So, for those of you who are interested, Bawbag got roughly 9 months, which means he will be out by July.

This is absolutely no help to the film project, since I would have only about 8 weekends or so out of that time to get the entire shoot done.  It is highly unlikely that anyone will want to rent his crappy shop prior to July, so he will reemerge as a problem unless more of his cases come up before then and he gets jailed for one of those.

ASPD is a strange condition.  The people I talk to online about it share an excellent sense of humour, however despite an obsession with their reputation cannot help expressing themselves in crime.

It is an actual brain anomaly, so there is little apart from keeping yourself very calm and avoiding emotional stress tha you can do.  Bawbag’s search for a doormat wife is not far off the mark.  If someone sufficiently deaf/boring existed, it would probably help him enormously. (you really would have to have the tolerance of granite)

I do not think, however that Scotland is the right place for him to find this.  Women tend to be quite decisive and fiesty and they are not likely to want to spend their time sitting in the house waiting for a petty bully to come home and take out his inadequacies on them.

I went from being sympathetic, really up until Thursday, to not caring at all after his filming me passing.  He has just started doing this, I assume some not-very-bright lawyer or policeman has advised this.  Only a moron would advise a guy who has a history of stalking, and whom has even harassed a person (me) he dragged in off the street for the purposes of blaming for his behaviour, to then stalk the same person purchasing a cup of tea and leaving the area two or three times a week using his phone.

I took the precaution of making the police aware of the various things he was doing throughout the period of him screaming at me in the street.
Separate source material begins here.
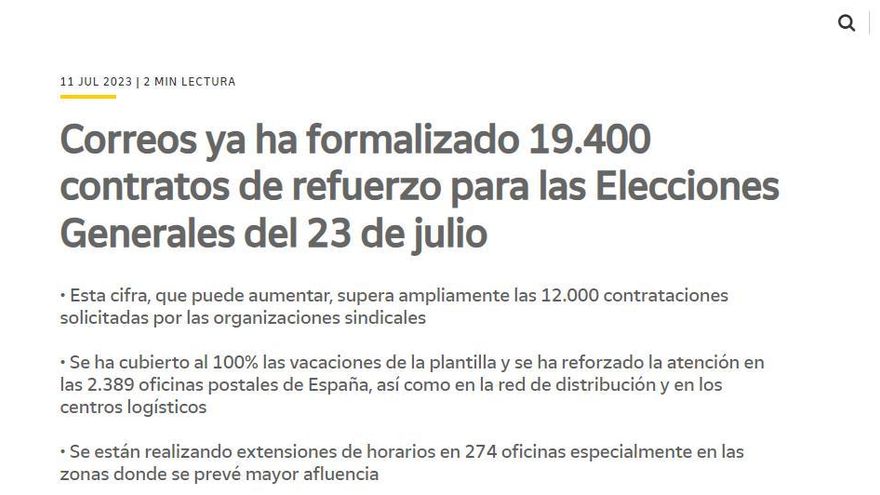 Extracto del comunicado emitido por Correos el 11 de julio de 2023.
As I have no real animosity towards him, they knew I wouldn’t make a particularly great witness, and they were not particularly helpful. As I have said before, the best course of action with bullies is to completely ignore them.

On the plus side, this means I have never had to be involved in any of his cases, which inevitably involve people he has annoyed financially as well as personally – the ex girlfriend that just did him for stalking, in what reads to me like a very sparse and badly defended case, was pursuing him via a debt collector.  He did not mention this to me, I was told by one of the other complainants whom he also owed money. I am unsure who the third complainant was, I suspect it was the first wife but have no idea.
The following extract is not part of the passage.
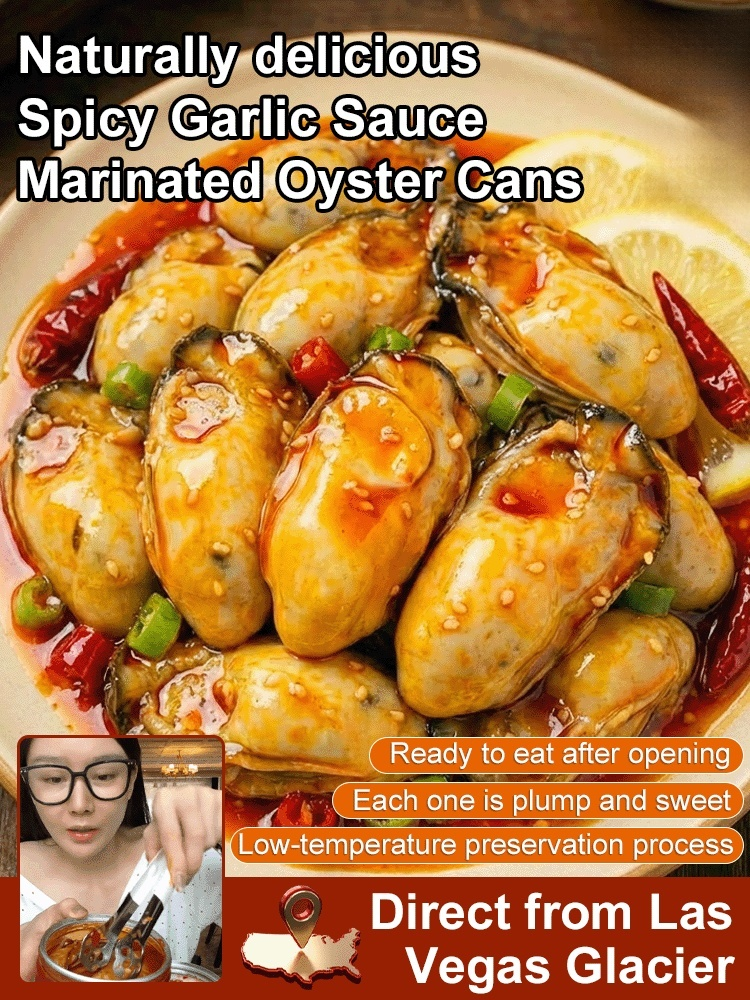 【Fresh and Juicy Fat Oysters】Spicy Garlic Sauce Marinated Oyster Cans【Buy 1 Get 1 Free for a Limited Time！】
Anyway, it seems from what the ex has to say that he pled guilty to this one to facilitate defending the ones coming up, which are worse.  She threw the book at him, according to him because of jealousy, but he lies a lot. Anomalies in the case, having read the brief articles, were how he managed to get intimate pictures of a person he was stalking rather than, as he claimed, taking them when he was sleeping with her.  She seems to have presented this as an error of judgement rather than the marriage he claimed it was.

It was brave of her, but I’m not sure how much in the way of alternative options she had. What I do know is that he was constantly reverberating around getting her back with him, and that none of the people involved in the case, protagonist or antagonist were particularly kind people that you would want in your life.

So you are left thinking, is kindness in this situation basically a waste of time? Bawbag is brutal because brutality is what he understands of the world, which is not very accurate.  Bawbag  is amazingly self obsessed.  He has no empathy and isn’t really capable of considering other people because of his condition.  None of these things would normally require jail, especially if he was around people of sufficiently strong character to simply manage him.

Alongside that, he can be fun, considerate on his own terms – he was even polite whilst smashing my stuff – and is entirely bewildered by this entire situation, to the point that even I could defend him better than he can. Treating him with a bit of kindness is only a temporary fix, however, having tried it. He needs specialist help, and I am not at all sure he is going to get this in jail without the intervention of somebody who cares.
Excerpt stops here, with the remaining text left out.